A substantial part of economic theory generally deals with long-run equilibrium relationships generated by market forces and behavioral rules. Correspondingly, most empirical econometric studies entailing time series can be interpreted as attempts to evaluate such relationships in a dynamic framework.
At one time, conventional wisdom was that in order to apply standard inference procedures in such studies, the variables in the system needed to be stationary since the vast majority of econometric theory is built upon the assumption of stationarity. Consequently, for many years econometricians proceeded as if stationarity could be achieved by simply removing deterministic components (e. g. drifts and trends) from the data. However, stationary series should at least have constant unconditional mean and variance over time, a condition which hardly appears to be satisfied in economics, even after removing those deterministic terms.

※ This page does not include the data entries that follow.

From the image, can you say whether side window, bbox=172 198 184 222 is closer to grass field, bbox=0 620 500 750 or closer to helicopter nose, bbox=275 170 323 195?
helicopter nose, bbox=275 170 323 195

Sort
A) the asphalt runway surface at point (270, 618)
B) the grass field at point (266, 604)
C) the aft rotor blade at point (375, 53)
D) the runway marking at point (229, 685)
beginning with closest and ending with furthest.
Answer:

Those problems were somehow ignored in applied work until important papers by Granger and Newbold (1974) and Nelson and Plosser (1982) alerted many to the econometric implications of nonstationarity and the dangers of running nonsense or spurious regressions; see, e. g. Chapter 26 by Granger in this volume for further details. In particular, most of the attention focused on the implications of dealing with integrated variables which are a specific class of nonstationary variables with important economic and statistical properties. These are derived from the presence of unit roots which give rise to stochastic trends, as opposed to pure deterministic trends, with innovations to an integrated process being permanent rather than transitory.
The presence of, at least, a unit root in economic time series is implied in many economic models. Among them, there are those based on the rational use of available information or the existence of very high adjustment costs in some
markets. Interesting examples include future contracts, stock prices, yield curves, exchange rates, money velocity, hysteresis theories of unemployment, and, perhaps the most popular, the implications of the permanent income hypothesis for real consumption under rational expectations.

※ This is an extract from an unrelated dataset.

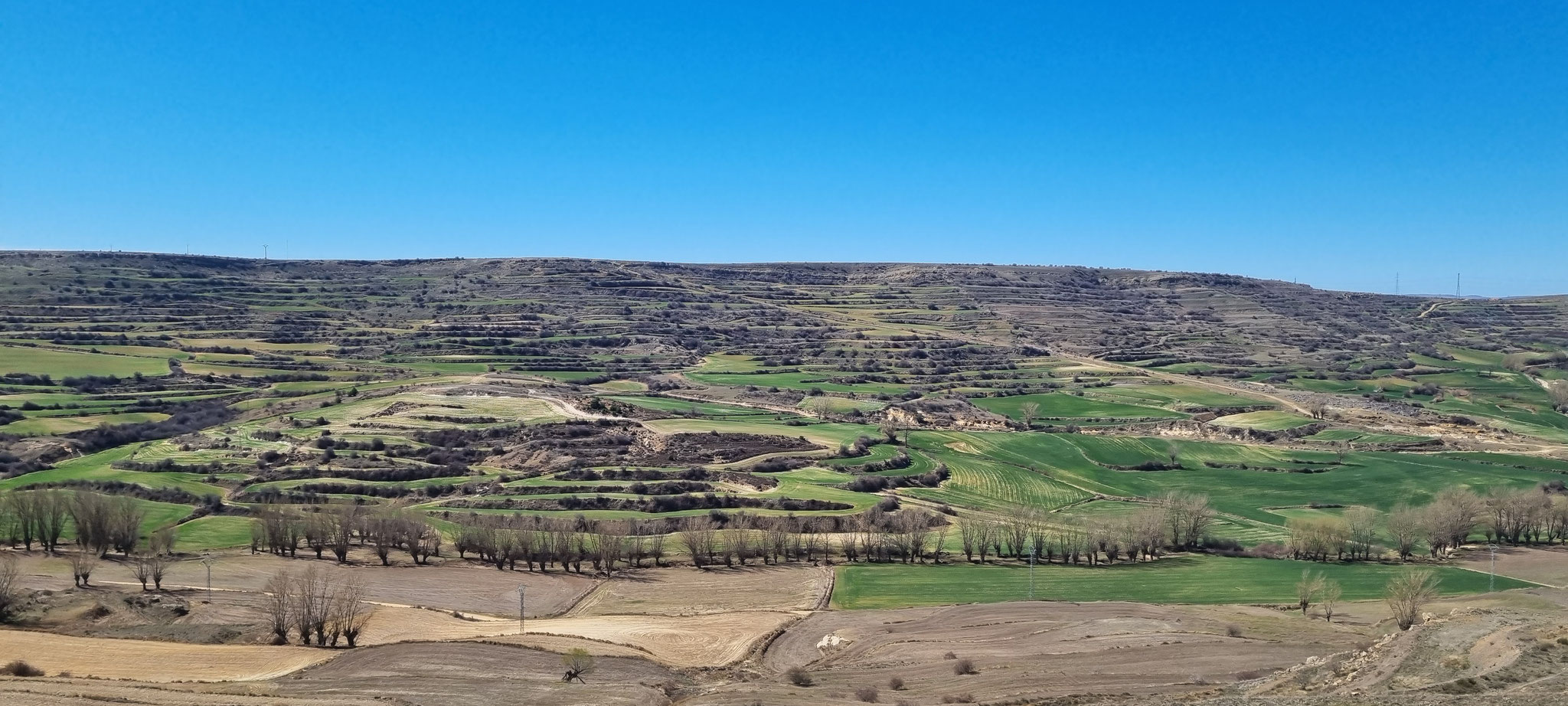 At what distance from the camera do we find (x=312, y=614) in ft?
190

Statisticians, in turn, following the influential approach by Box and Jenkins (1970), had advocated transforming integrated time series into stationary ones by successive differencing of the series before modelization. Therefore, from their viewpoint, removing unit roots through differencing ought to be a prerequisite for regression analysis. However, some authors, notably Sargan (1964), Hendry and Mizon (1978) and Davidson et al. (1978), inter alia, started to criticize on a number of grounds the specification of dynamic models in terms of differenced variables only, especially because of the difficulties in inferring the long-run equilibrium from the estimated model. After all, if deviations from that equilibrium relationship affect future changes in a set of variables, omitting the former, i. e. estimating a differenced model, should entail a misspecification error. However, for some time it remained to be well understood how both variables in differences and levels could coexist in regression models.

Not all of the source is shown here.